● **Required work**
Would you copy the material below word for word, beginning with its first line and ending with the line that contains "Low section of couple running in sea"?

● **Information shown**
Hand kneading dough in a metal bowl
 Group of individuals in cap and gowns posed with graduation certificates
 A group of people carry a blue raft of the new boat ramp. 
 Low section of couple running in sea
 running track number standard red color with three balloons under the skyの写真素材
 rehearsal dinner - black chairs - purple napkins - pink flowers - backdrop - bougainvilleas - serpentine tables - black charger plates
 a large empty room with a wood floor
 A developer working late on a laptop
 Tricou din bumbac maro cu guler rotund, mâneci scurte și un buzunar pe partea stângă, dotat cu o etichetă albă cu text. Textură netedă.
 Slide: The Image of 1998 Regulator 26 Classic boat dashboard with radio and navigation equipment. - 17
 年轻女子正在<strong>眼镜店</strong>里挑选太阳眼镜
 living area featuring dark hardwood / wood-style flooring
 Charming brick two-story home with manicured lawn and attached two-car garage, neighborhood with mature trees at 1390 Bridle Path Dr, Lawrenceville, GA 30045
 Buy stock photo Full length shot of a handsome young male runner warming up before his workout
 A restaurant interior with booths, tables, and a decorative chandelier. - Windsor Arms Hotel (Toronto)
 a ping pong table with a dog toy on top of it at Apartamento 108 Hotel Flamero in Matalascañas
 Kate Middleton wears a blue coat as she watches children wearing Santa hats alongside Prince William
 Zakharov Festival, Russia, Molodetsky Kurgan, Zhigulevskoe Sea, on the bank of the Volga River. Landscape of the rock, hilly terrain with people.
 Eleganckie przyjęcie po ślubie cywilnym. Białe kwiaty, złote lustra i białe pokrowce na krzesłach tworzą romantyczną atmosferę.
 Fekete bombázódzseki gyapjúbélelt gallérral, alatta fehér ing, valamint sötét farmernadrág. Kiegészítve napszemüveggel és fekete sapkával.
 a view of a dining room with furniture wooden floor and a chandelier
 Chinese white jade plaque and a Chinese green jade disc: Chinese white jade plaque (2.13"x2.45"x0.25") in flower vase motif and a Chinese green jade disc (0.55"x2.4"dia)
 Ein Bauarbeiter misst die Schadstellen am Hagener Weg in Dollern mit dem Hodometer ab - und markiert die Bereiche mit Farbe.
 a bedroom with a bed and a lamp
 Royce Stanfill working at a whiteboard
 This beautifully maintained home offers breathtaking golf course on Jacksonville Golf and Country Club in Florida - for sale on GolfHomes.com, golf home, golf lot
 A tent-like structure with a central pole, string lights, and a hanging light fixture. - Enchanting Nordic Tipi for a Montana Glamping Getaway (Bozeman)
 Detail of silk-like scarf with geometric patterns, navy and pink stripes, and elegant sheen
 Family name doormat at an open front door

● **Answer to this problem**
Hand kneading dough in a metal bowl
 Group of individuals in cap and gowns posed with graduation certificates
 A group of people carry a blue raft of the new boat ramp. 
 Low section of couple running in sea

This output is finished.